Single by Toyah

from the album Toyah! Toyah! Toyah!
- B-side: "Ghosts"; "Neon Womb";
- Released: 1980
- Recorded: 17 June 1980
- Genre: New wave
- Length: 5:13 (original album version) 5:30 (live album version)
- Label: Safari
- Songwriter(s): Toyah Willcox; Joel Bogen; Peter Bush;
- Producer(s): Nick Tauber

Toyah singles chronology
| "Ieya" (1980) | "Danced" (1980) | "It's a Mystery" (1981) |

= Danced =

"Danced" is a song by the English new wave band Toyah, fronted by Toyah Willcox. It first appeared on the band's 1979 LP Sheep Farming in Barnet, and a live version of the song was subsequently released as a single in 1980 by Safari Records to promote the concert album Toyah! Toyah! Toyah!.

==Background==
The song was written by Toyah Willcox, Joel Bogen and Peter Bush.
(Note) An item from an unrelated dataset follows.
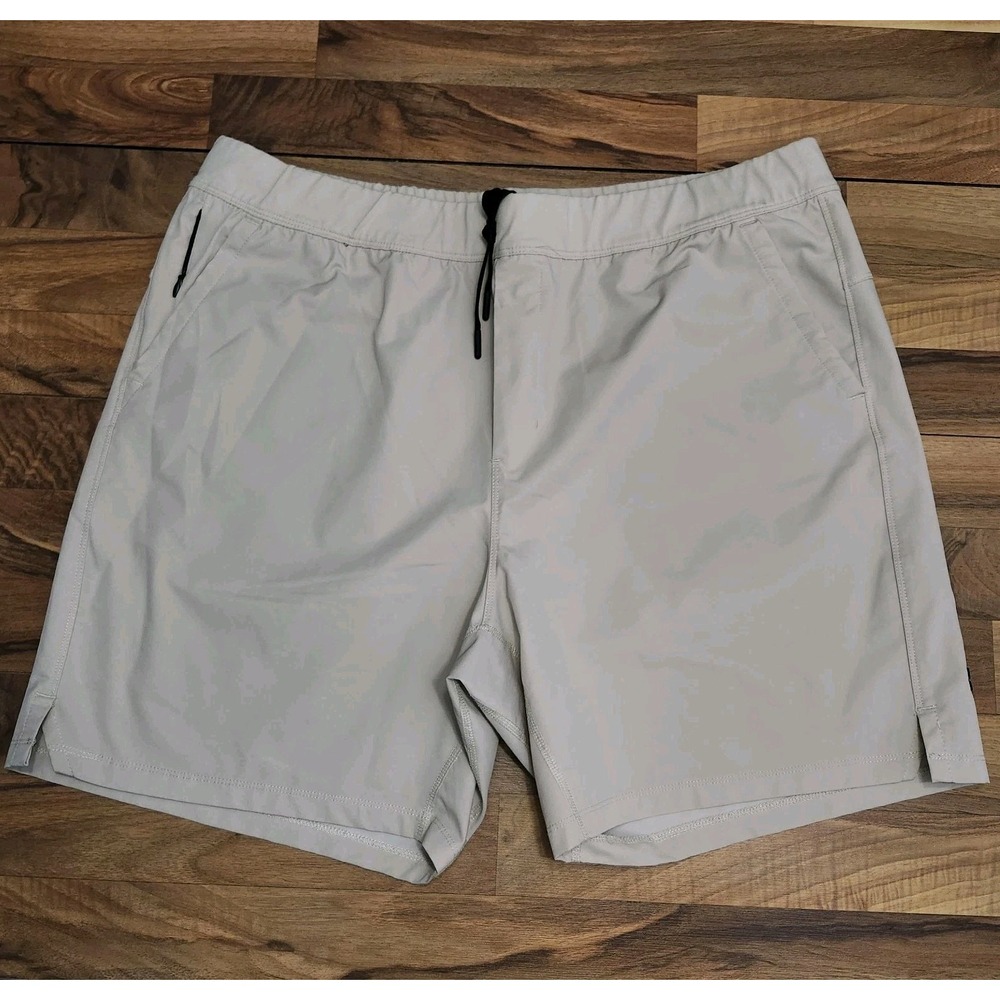 Public Rec Flex Shorts 7" Sand Light Beige Size 42 Euc Golf Performance DWR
It was originally recorded and released in 1979 on Toyah's first album, Sheep Farming in Barnet, produced by Steve James and Keith Hale.

Willcox explained that the song is "about the second coming of Christ" and later added that it is also about "the return of an alien that can travel through time dimensions, therefore, people living in the gravitational pole of planet Earth are gonna age quicker. Therefore, the two thousand years is a greater expanse of communication".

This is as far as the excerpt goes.